What the task asks:
Your copy should repeat each record exactly and contain none of the pictures.

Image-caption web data
---+---
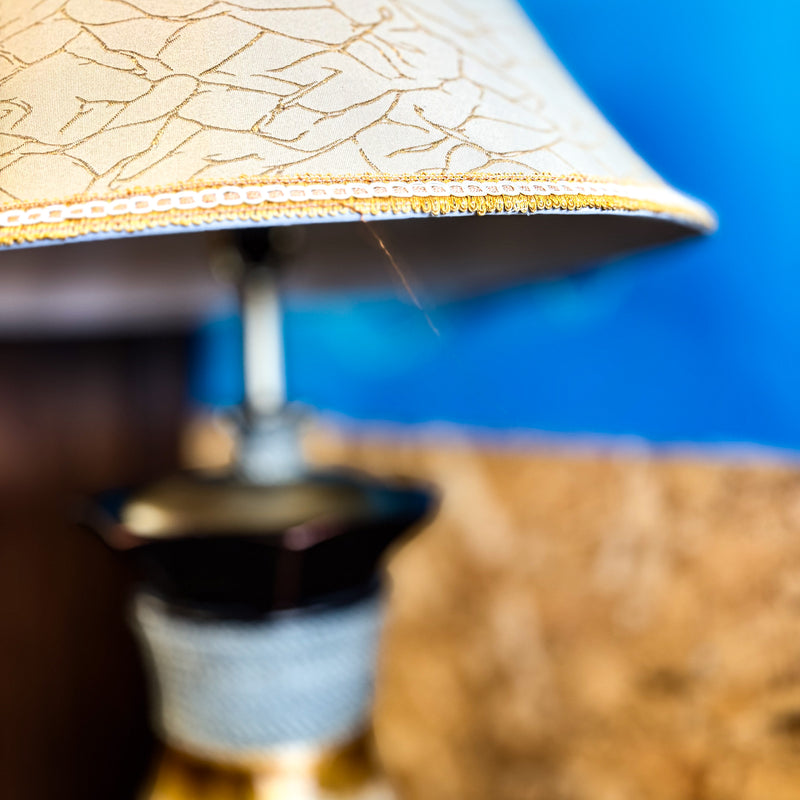 Sculpted Wooden Designer Table Lamp with Fabric Shade, 39-Inch Height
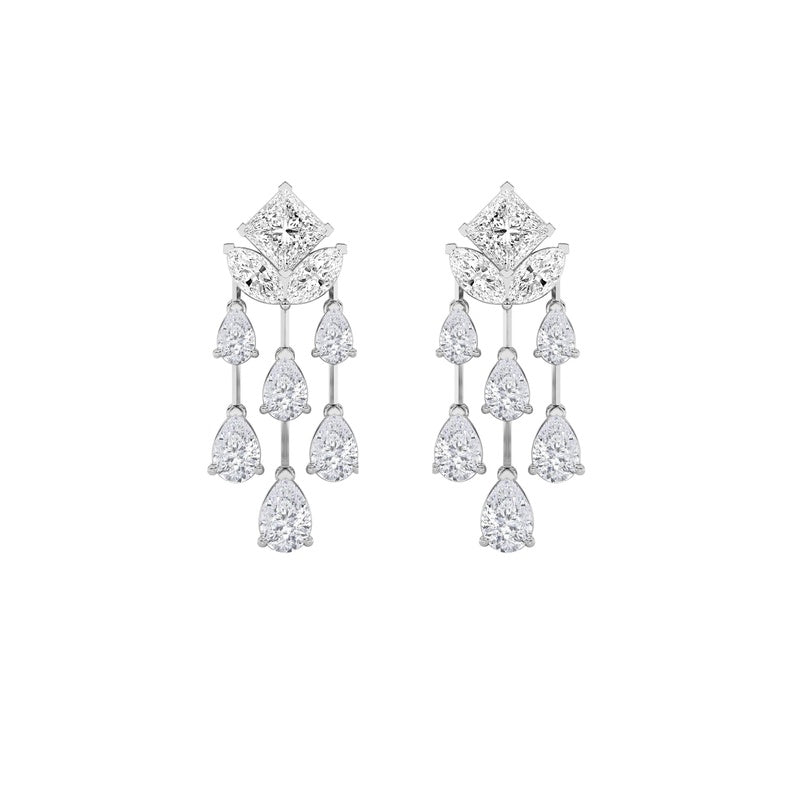 7CTW Princess Shaped Lab Grown Diamond (F/VS) Dangle Earrings in 14K Gold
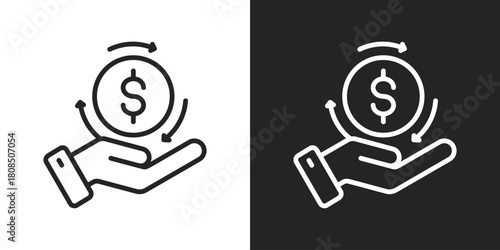 Roi Icon In Black And White Line Style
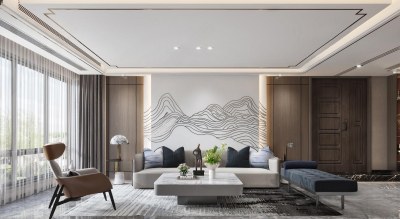 新中式客餐厅3D模型下载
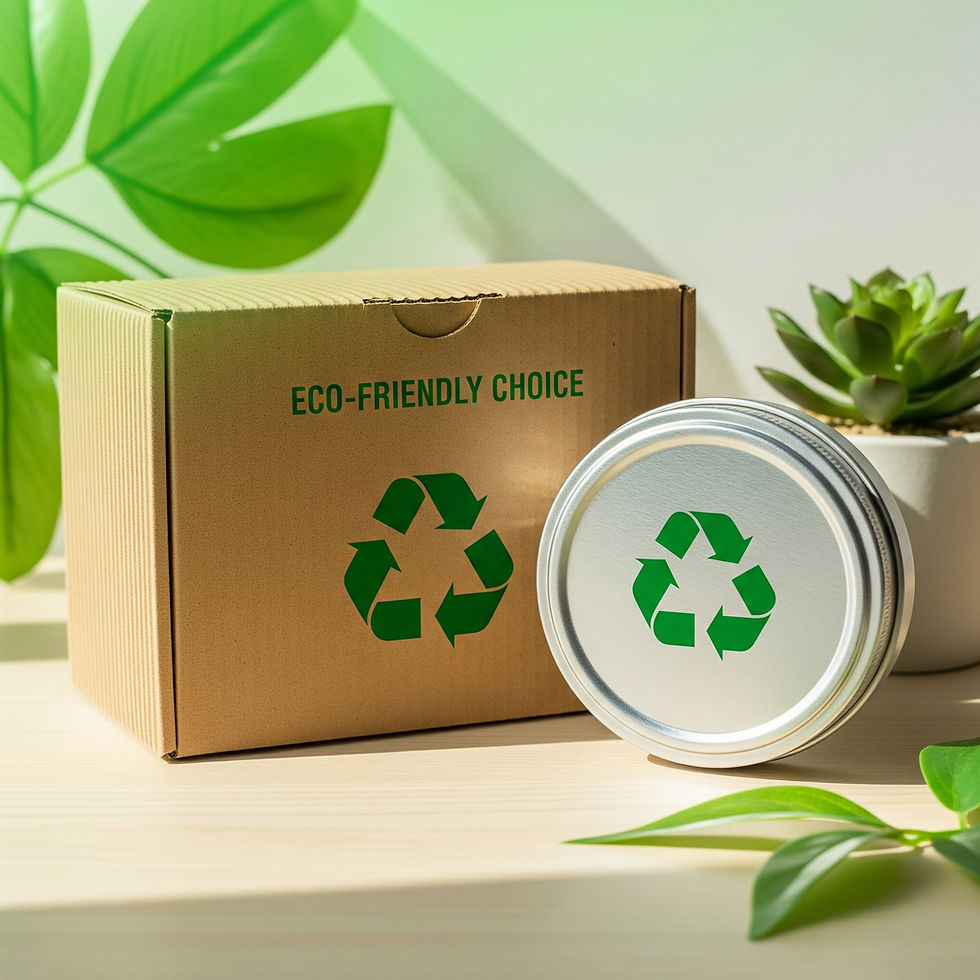 Eco-friendly box and tin with green recycling symbols, surrounded by green leaves and a succulent, under natural light.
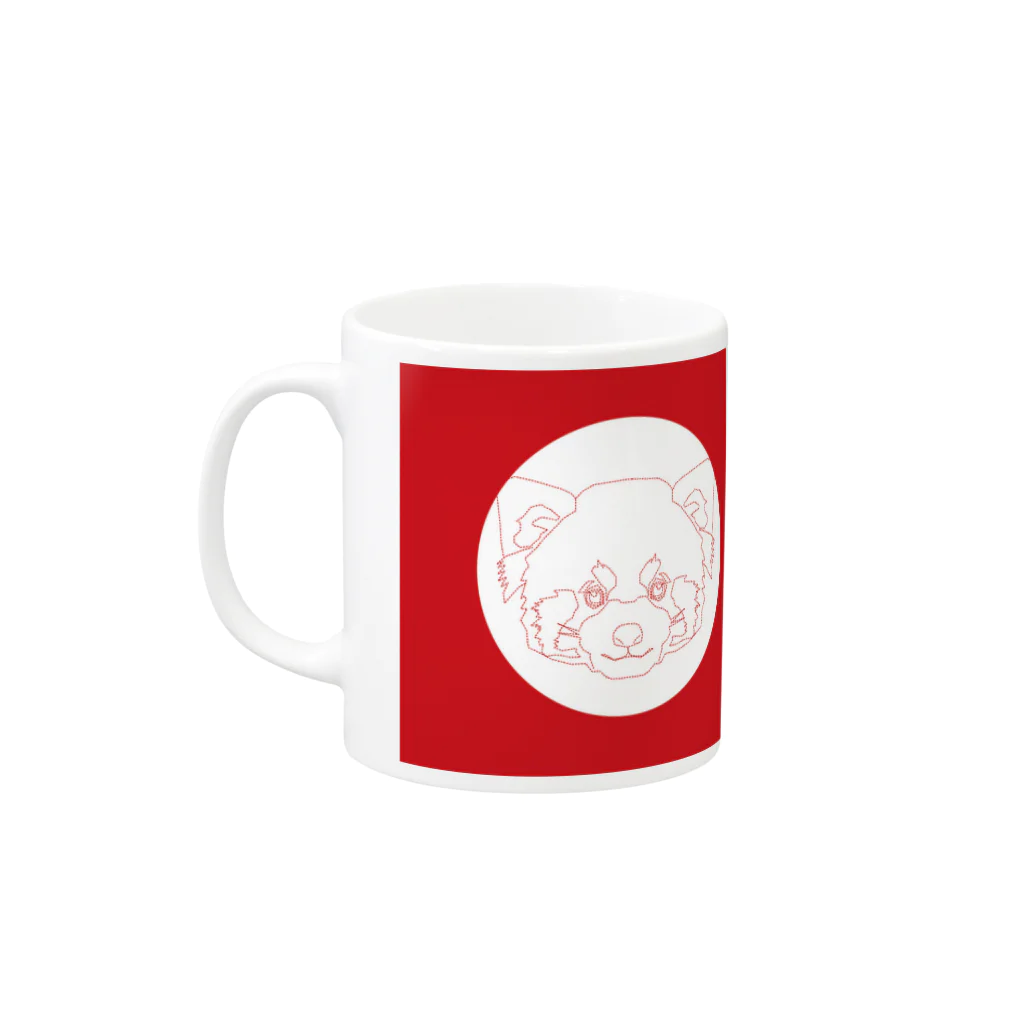 3out-firstのレッサーパンダ(破線) Mug :left side of the handle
---+---
Result of this exercise:
 Sculpted Wooden Designer Table Lamp with Fabric Shade, 39-Inch Height
 7CTW Princess Shaped Lab Grown Diamond (F/VS) Dangle Earrings in 14K Gold
 Roi Icon In Black And White Line Style
 新中式客餐厅3D模型下载
 Eco-friendly box and tin with green recycling symbols, surrounded by green leaves and a succulent, under natural light.
 3out-firstのレッサーパンダ(破線) Mug :left side of the handle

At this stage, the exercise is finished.